ルディ・ゴベアを獲得するために放出したジャレット・バンダービルトとマリーク・ビーズリー、ここにディアンジェロ・ラッセルを含めた3人がデッドラインのトレードで加わると、そこからレイカーズの快進撃が始まりました。内容としては多すぎたハンドラーが整理され、ハードワーカーが増えたことによるものですが、レイカーズを強くしたのは紛れもなくウルブズの判断でした。
一方で今シーズンのウルブズはカール・アンソニー・タウンズとゴベアのツインタワーを中心とした新たな体制が全く機能せず、タウンズがケガで離脱するとチームは上昇し始めました。最終戦もタイムアウト中にゴベアがチームメートのカイル・アンダーソンを殴る事件が起きるなど、何のためのトレードだったのか溜め息ばかりが漏れる状況です。

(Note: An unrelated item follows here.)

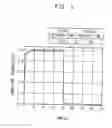 Fig. 05 - METHOD OF DRIVING A DISPLAY PANEL AND DISPLAY APPARATUS PERFORMING THE SAME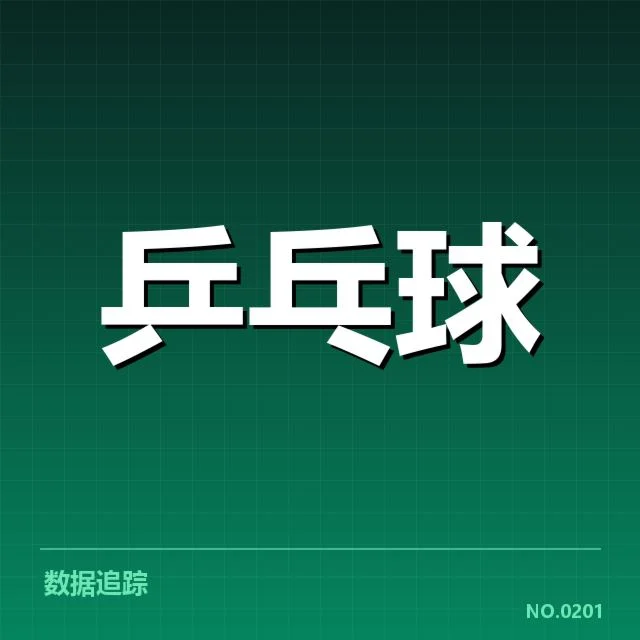 孙颖莎近阶段官方确认的诊断与赛程调整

ペリカンズとの接戦を制する決め手となったのは、追い込まれた中で発揮されたアンソニー・エドワーズが放つスーパースターの輝きでした。CJ・マッカラムのドライブを逆サイドのコーナーからヘルプにきて叩き落とし、カウンターから一度はミスを喫しながらも、手元にボールが戻ってくるとバスケット・カウントで試合を決めました。まるですべてがエドワーズのためにお膳立てされていたかのようなプレーは、スーパースターの運命にも見えました。
言うまでもなくレイカーズには、史上最高のスーパースターであるレブロン・ジェームスに加え、獅子奮迅の活躍でチームを引き上げたアンソニー・デイビスがいます。そんなスーパースターコンビでもチーム戦術が機能しなければ勝てないことが示された今シーズンでしたが、プレーイン・トーナメントへの出場すら危うい状況まで追い込まれてから見せた集中力は格別のものがありました。
1試合ですべてが決まるプレーイン・トーナメントに駆け引きをする余裕はなく、エース中心の戦いになりがちです。ジェイデン・マクダニエルズが骨折で、ゴベアはチームから処分を受けて欠場することもあり、ただでさえチームの空気が悪い中で試合前から追い込まれているウルブズですが、思い起こせば1年前のプレーインでもタウンズのファウルアウトから逆転勝利しており、土壇場でエドワーズ中心にチームがまとまり大きな力を発揮するのもウルブズらしさです。
レイカーズとウルブズはともに当初の想定から大きく離れたシーズンを過ごしてきました。それでも最後にスーパースターが力を発揮し、強引にでもチームを修正してプレーインにたどり着いた感があります。レブロンとデイビス、そしてエドワーズ。超短期決戦でチームに勝利をもたらすのは誰なのか、楽しみな戦いが始まります。